In 1983, chemists Robert Smoot and Jack Price stated that: [2]

“Scientist [believe] that the total amount of matter and the total amount of energy in the universe [are] each constant. These laws are the conservation of energy and the conservation of mass. Thus we see that the two conservation laws are really just one law.
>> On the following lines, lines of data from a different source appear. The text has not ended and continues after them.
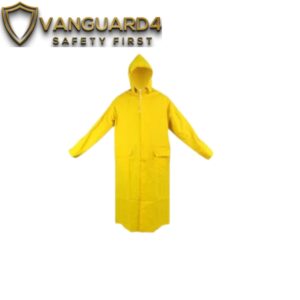 Chemical PVC Washable Water Proof Heavy Duty Yellow Raincoat
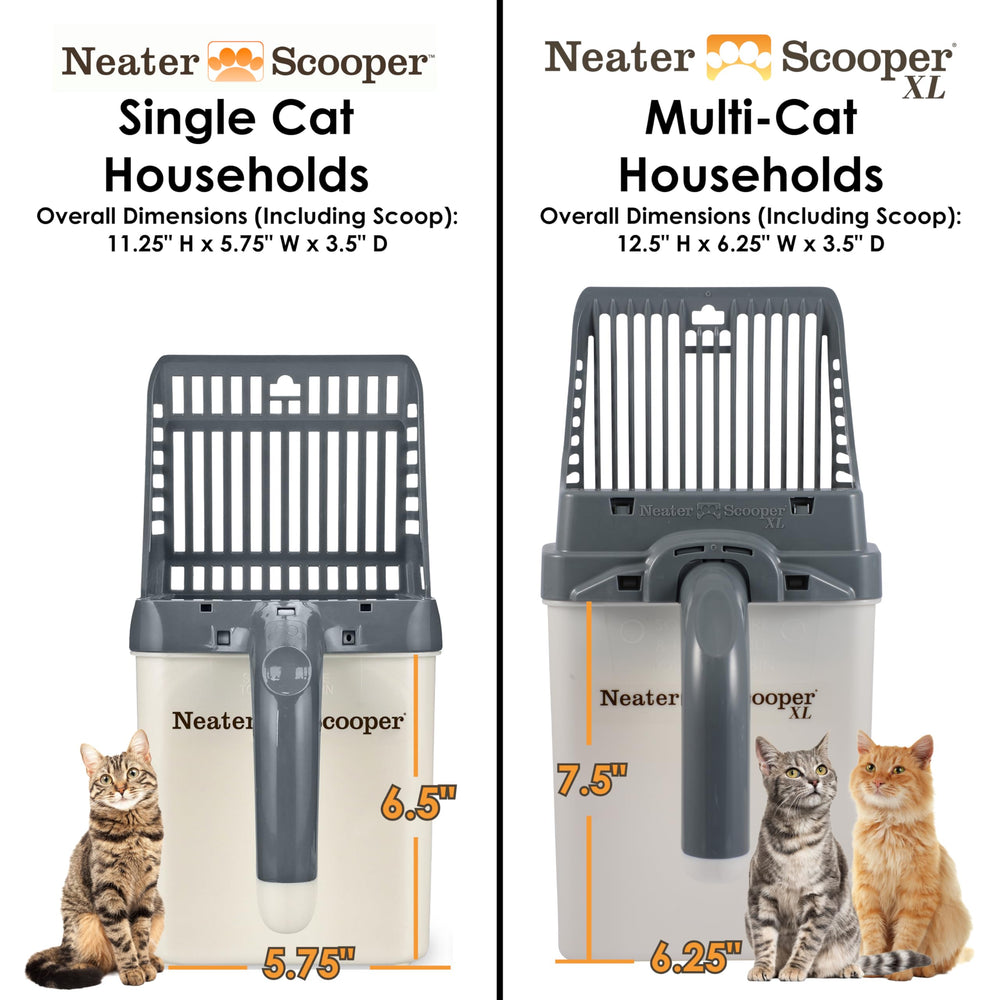 Neater Pet Brands Neater Scooper Standard scoop stored upside down inside its bin.
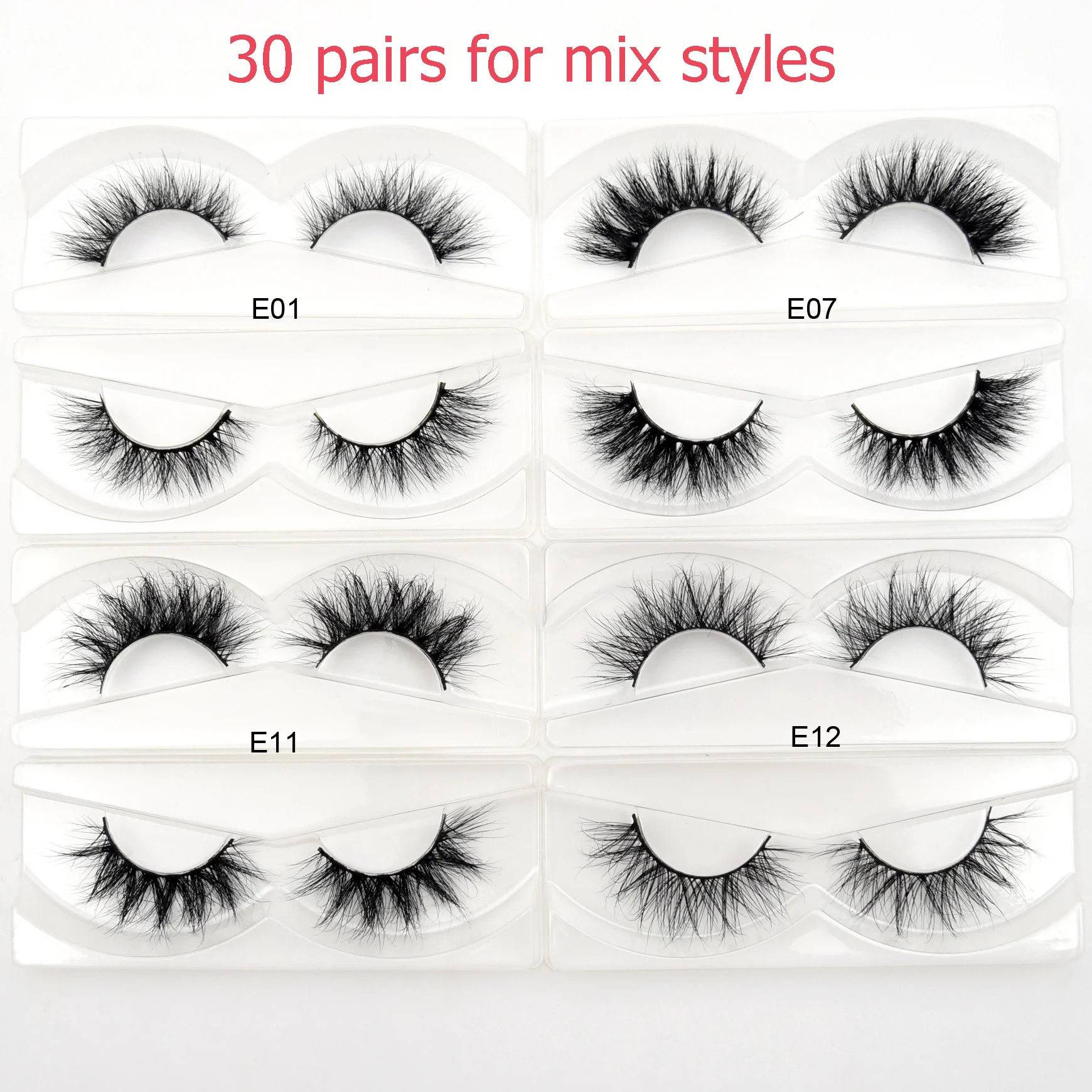 Ресницы норковые с подставкой 3d ресницы для макияжа ручной работы полными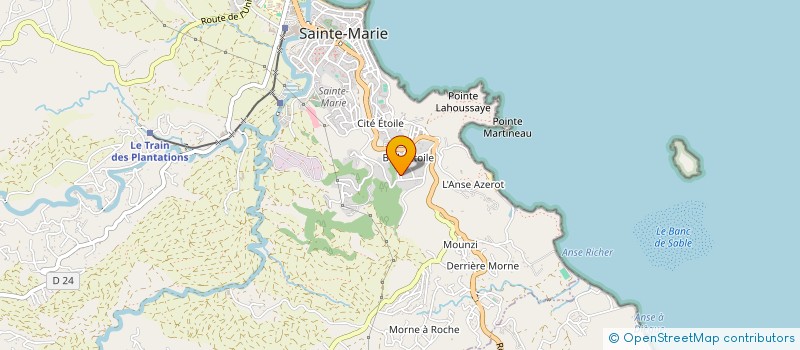 localisation de l'entreprise BAZABAS LOCATION & REMORQUAGE à SAINTE-MARIE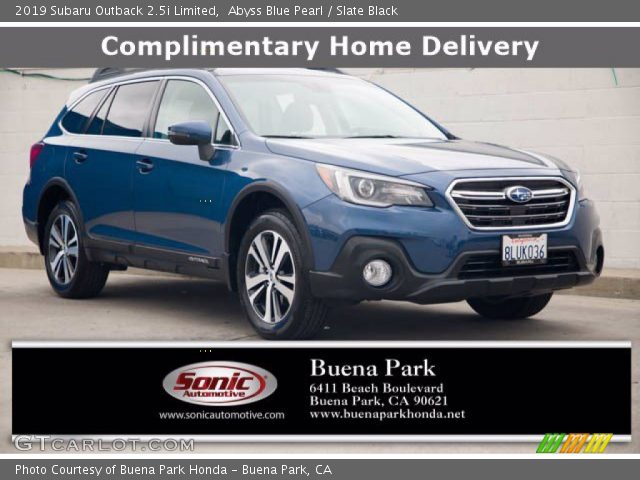 2019 Subaru Outback 2.5i Limited in Abyss Blue Pearl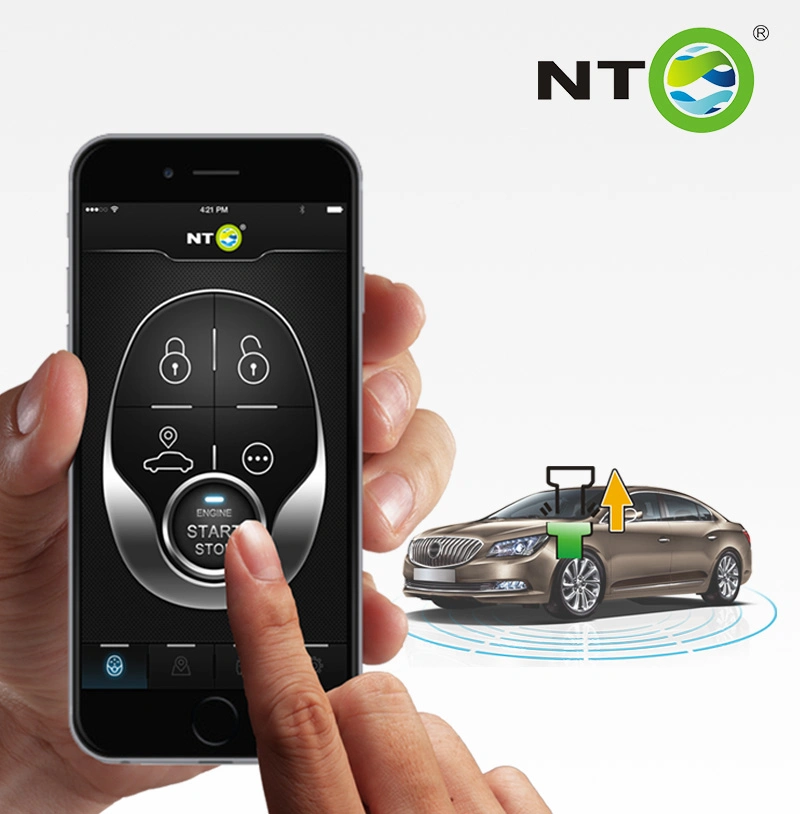 Nto Pke Keyless Entry Car Alarm Remote Trunk Release Anti-Hijacking and Shock Sensor One Way GPS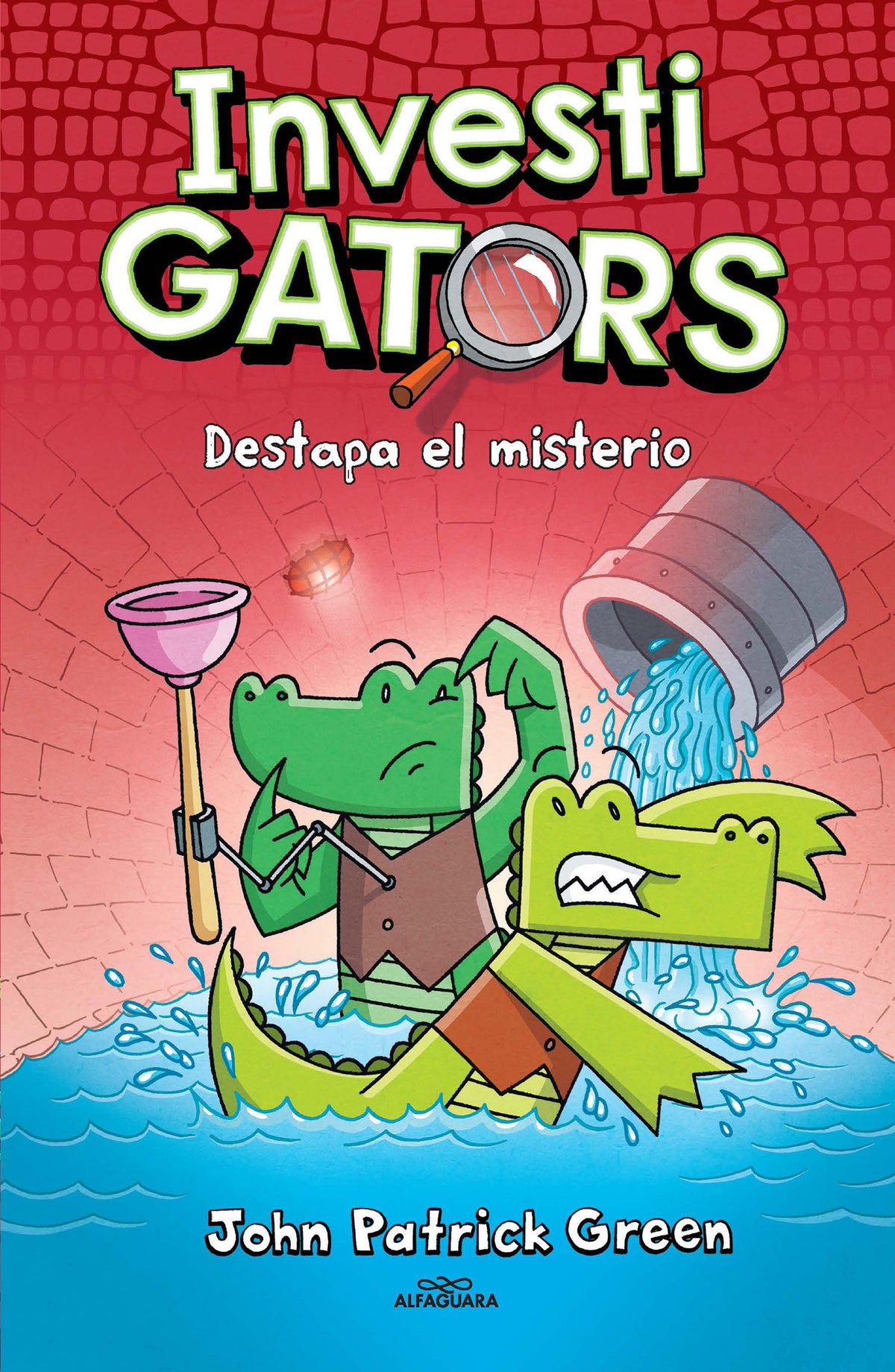Investigators: Destapa el misterio / Investigators: Take the Plunge cover (ISBN 9798890988478) [onix:58812fb556f6b071c0c67b94c0ca057e]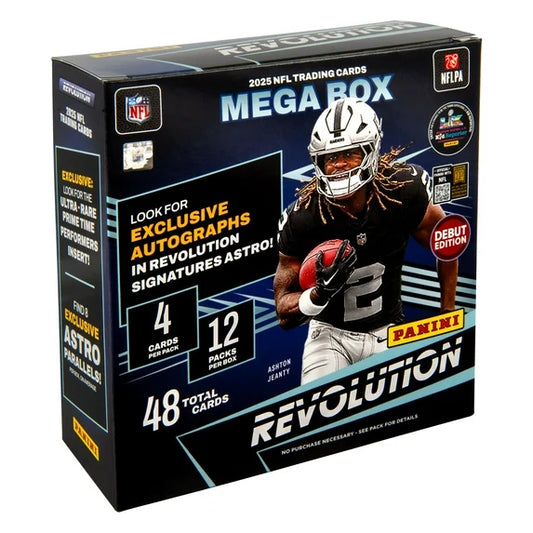 2025 Panini Revolution NFL Football Mega Box - Debut Edition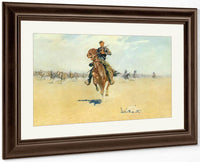 Cutting Out Pony Herds By Frederic Remington Fine Art Print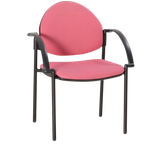 Frontseat Vergaderstoel, Roze, 4-Poot Onderstel thumbnail 1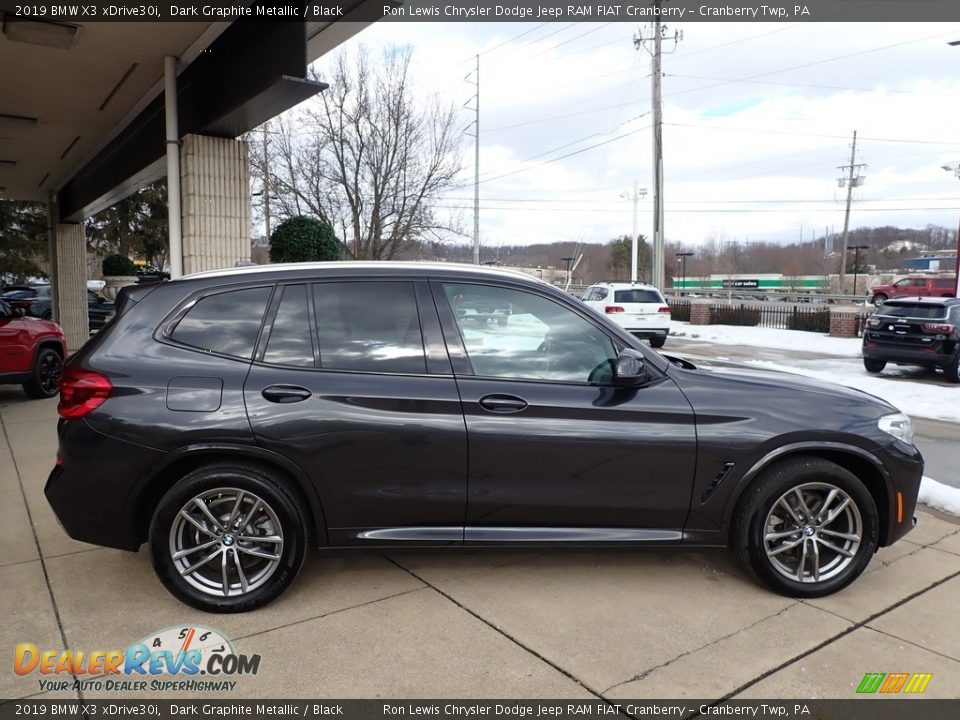 2019 BMW X3 xDrive30i Dark Graphite Metallic / Black Photo #4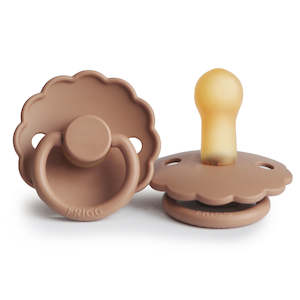 Dummies: Frigg Pacifier - Daisy Peach Bronze 2 Pack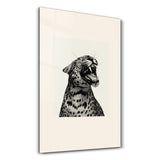 Leopard Roar | Glass Wall Art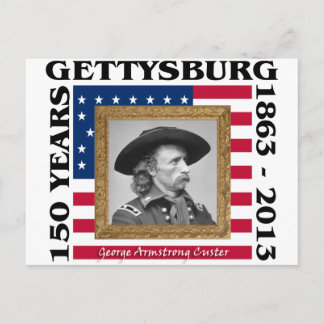 Cartão Postal George Custer - 150º Aniversário Gettysburg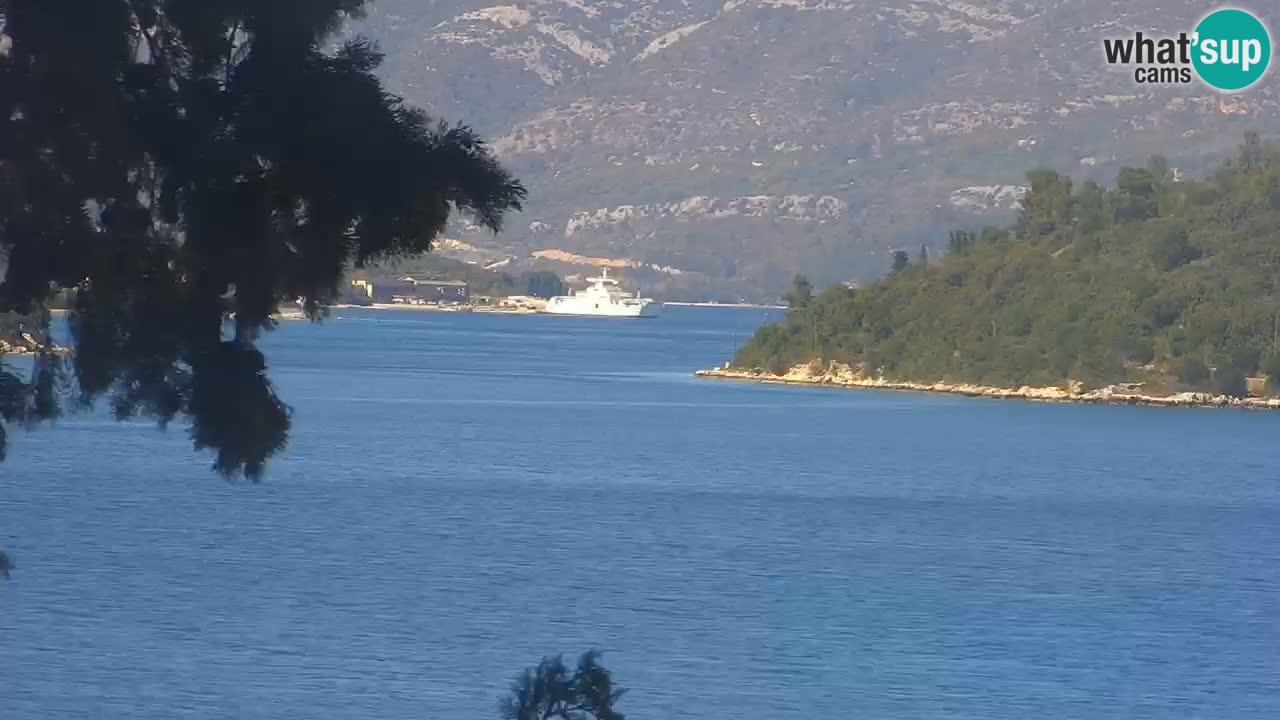 Lumbarda resort Spletna kamera Korčula
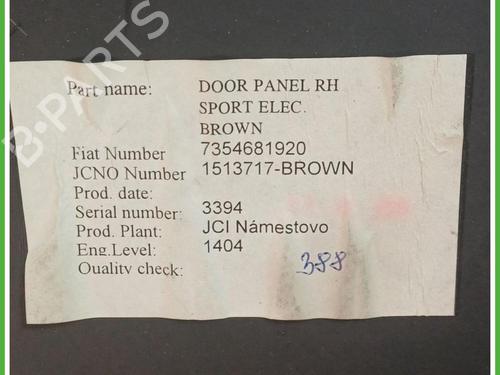 Front right panel FIAT 500 (312_) 1.2 (312AXA1A) | BP40139139C59 - Image 3
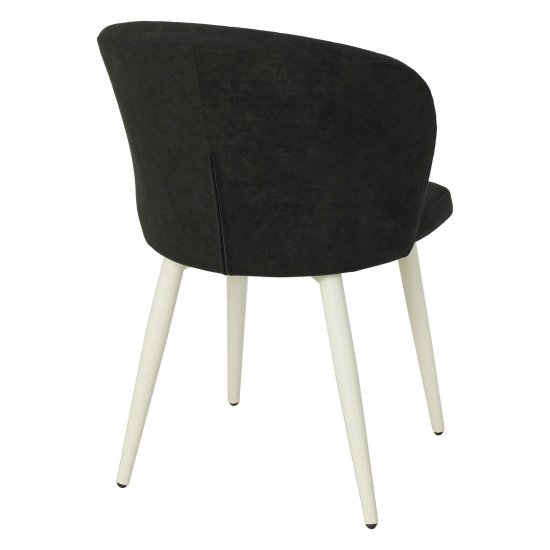 Стул металлический мягкий серый велюровый (арт 26657) Фото 2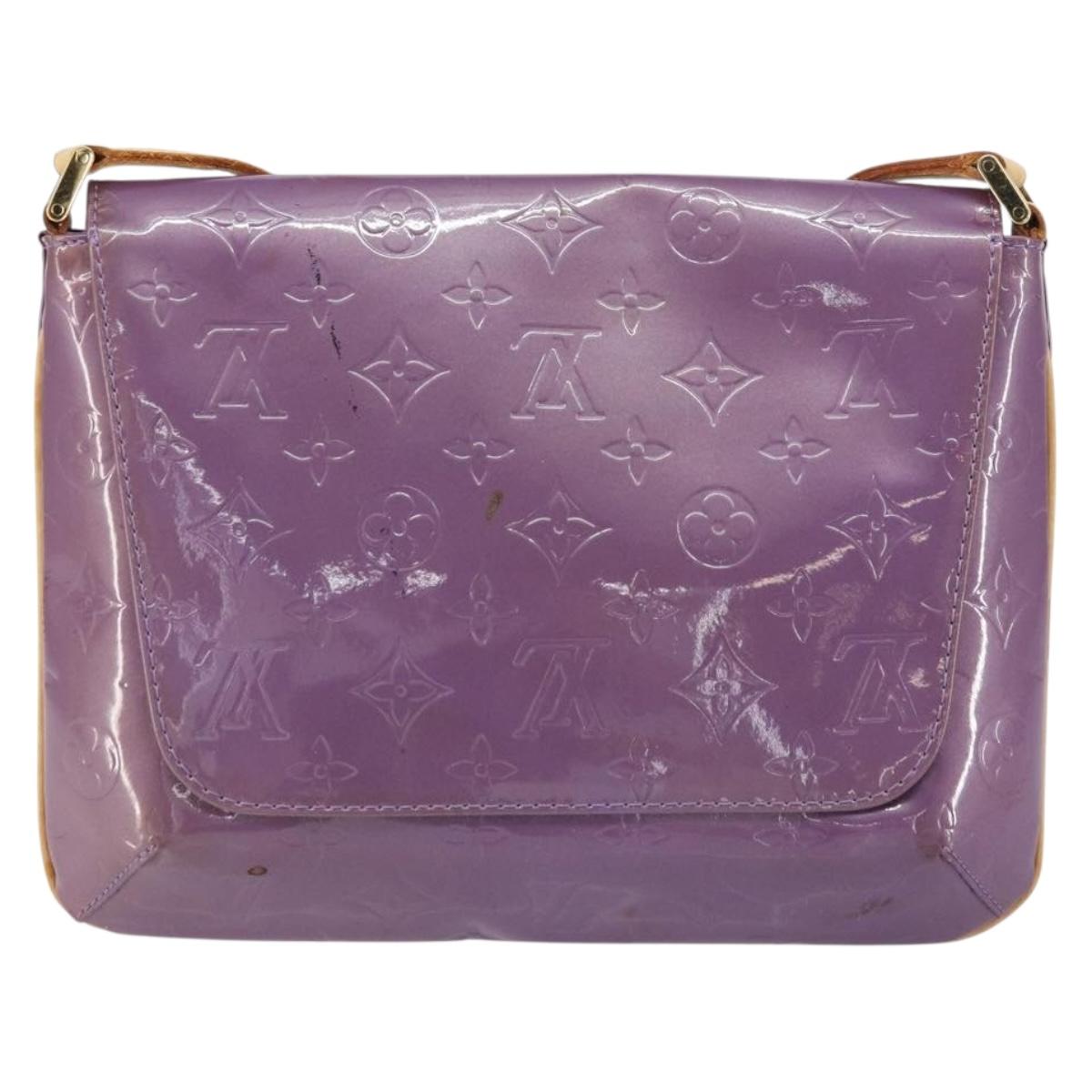 LOUIS VUITTON Monogram Vernis Thompson Street Bag Viole M91095 LV Auth 161428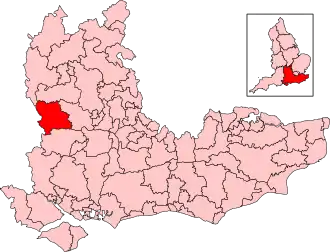 Map of constituency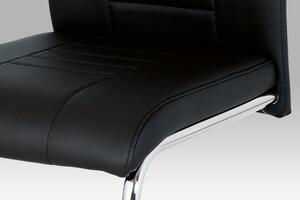 Autronic HC-955 BK - Jídelní židle, černá koženka / chrom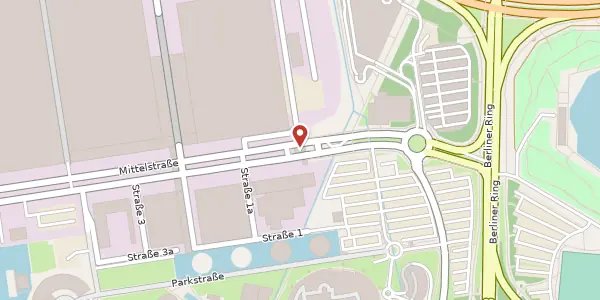 Karte der Umgebung von Berliner Ring 2, 38436 Wolfsburg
This law is known as the law of conservation of matter-energy.”

The statement of there being a law of conservation of matter-energy, to clarify, is a non-scientific verbalized aggregation of several principles: conservation of mass (Lavoisier, c. 1780), conservation of energy (Joule, 1843), first law of thermodynamics (Clausius, 1850), mass-energy equivalence (Einstein, 1905), intertwined with references to an ill-defined type of 'matter-energy', such as used in discussing proton-proton chain reactions (Eddington, c. 1920), confused with particle physics (c. 1980s) descriptions of the fundamental matter of the universe, defined as types of fermions, and the energy of the universe defined as types bosons. Subsequently, in an oversimplified way, this set of principles is sometimes referred to, in a colloquial, non-rigorous scientific way, as the law of conservation of matter-energy (or conservation of mass-energy).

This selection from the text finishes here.